All lines from the one containing "Great Blue Heron" through the end of the data below must be reproduced exactly, and no others.

## Data block
= Beginning of Section =

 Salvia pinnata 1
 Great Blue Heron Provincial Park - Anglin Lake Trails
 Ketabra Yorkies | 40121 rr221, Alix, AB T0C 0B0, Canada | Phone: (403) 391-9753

= End of Section =

## Result for this task
 Great Blue Heron Provincial Park - Anglin Lake Trails
 Ketabra Yorkies | 40121 rr221, Alix, AB T0C 0B0, Canada | Phone: (403) 391-9753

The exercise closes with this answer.